Decorridos nove meses do ato de sua criação –qualquer semelhança com outro período assim é mera coincidência–, dizem na Presidência que começa o segundo mandato de Dilma Rousseff. Embora não seja a Dilma Rousseff eleita para um segundo mandato. Nem o mandato, no melhor sentido de incumbência e representação, seja o entregue a Dilma Rousseff pela maioria dos eleitores.

A rigor, não se sabe o que será esse mandato. Sabe-se o que não será. Os retalhos que vêm formar um pretenso ministério não têm o mínimo de ideia e de substância. Condicionados, além do mais, ao único objetivo verdadeiro do governo: empobrecer-se e empobrecer a atividade econômica da qual depende a grande maioria da população.

Que conceitos regeram a (de)formação desse governo hipotético? Dilma Rousseff explicou: “O governo de coalizão, como é o caso do meu [sic] e de todos os governos depois da democratização, precisam de apoio no Congresso. Nós vivemos em uma democracia e temos que dialogar com o Congresso eleito pelo povo, em favor da população”.

Sem dúvida. Mas não há como ver no recém-chegado Celso Pansera mais do que um representante de Eduardo Cunha e do clã Picciani, e, ainda bem, não do Congresso. Todos os novos ministros representam apenas os grupos do mercantilismo toma-lá/dá-cá, que enoja o país. E por tal condição é que foram adotados, para aplacar as voracidades ainda não atendidas. Foi aceito como bom para o ministério, portanto, o que devia ser recusado a priori.

O oposto, a negação a associar-se aos grupos da política degenerada, é visto como alternativa irreal. Mas o repudiado pelo país quase todo não é a irrealidade, é a realidade. Contra essa opressão da realidade maldita é que vale a pena batalhar. E é preciso batalhar. Se é para sujeitar-se à realidade por ser realidade, por que, por exemplo, combater a corrupção espraiada pelo país todo, tão fácil e tão rentável? Adotemos o lucrativo tráfico de drogas que é uma realidade de todas as classes.

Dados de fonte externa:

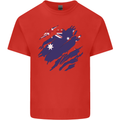 Torn Australia Flag Australian Day Football Mens Cotton T-Shirt Tee Top Red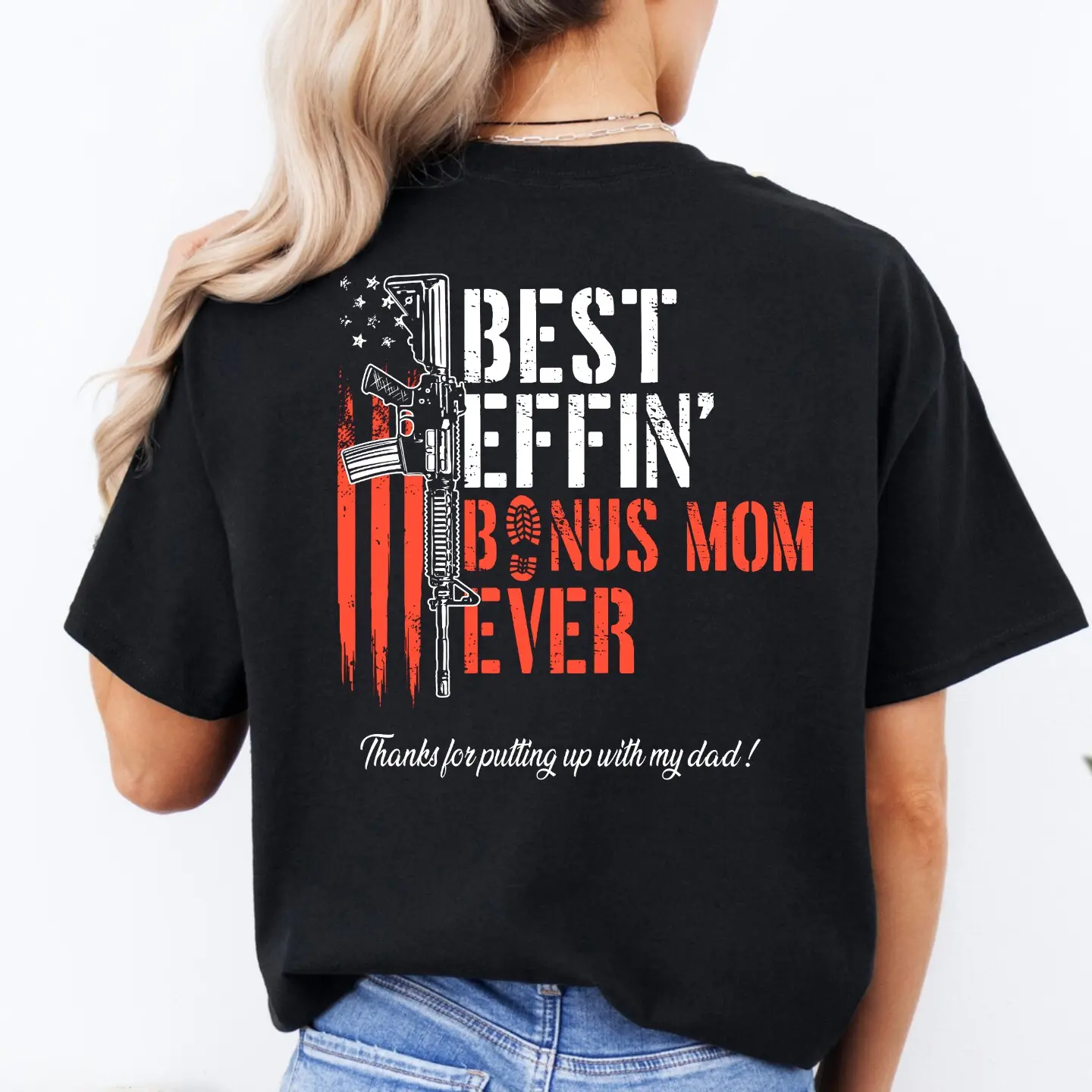 Effin’ Bonus Mom Ever Vint*ge T Shirt, Funny Stepmom Shirt, Mother's Day Gift, Bonus Mom Appreciation Tee, Unisex Crewneck Pullover Tee, Classic Streetwear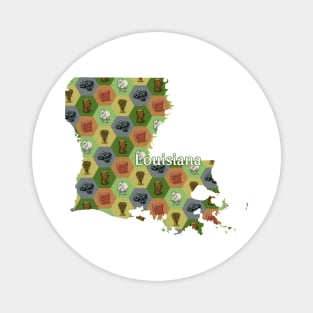 Louisiana State Map Board Games Magnet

O que existe no Brasil sob o nome de política é outra coisa. Mas o governante, por melhores que sejam seus propósitos, é forçado a aceitar o jogo, ou não governará. Substituída a política pela grande teia de interesses, ao governante não restam meios operacionais fora dessa cadeia –é a convicção estabelecida.

Mas o que falta aos governantes é, sobretudo, determinação para exigir outras relações com políticos e partidos. Importa-lhes preservar suas perspectivas e as conveniências partidárias, os apoios e os arranjos grupais. A obviedade, porém, é outra: no país em que mesmo um guri oportunista e ignorante convoca massas e é atendido, só por fazê-lo para protestos contra os métodos e consequências da falsa política e do desgoverno, são desnecessárias outras evidências do poder oferecido pela saturação da tolerância pública. Tão disponível, da mesma ou de outras formas, para o guri quanto para o governante que repudiasse “a realidade”.

A solução aceita por Dilma como ruptura do cerco peemedebista faz o seu reencontro com Lula. Dele partiu não só o apoio para os maus enlaces já encaminhados. Mais do que isso, Lula incentivou-a a sujeições ainda mais extremadas. Como a incorporação ao ministério de um representante de Eduardo Cunha. E o atendimento ao velho desejo do PMDB de tirar Aloizio Mercadante da Casa Civil, o que os peemedebistas nem cobravam mais.

Aliás, Dilma já desejava ter Jaques Wagner nas proximidades há muito tempo, pensou até em dar-lhe uma sala na Presidência como ministro da Defesa. Não colou. Agora Jaques Wagner é o novo ministro da Casa Civil, que tem muito trabalho. Mas quem vai trabalhar?

O que importa é estar tudo pronto, enfim: quanto pior, pior.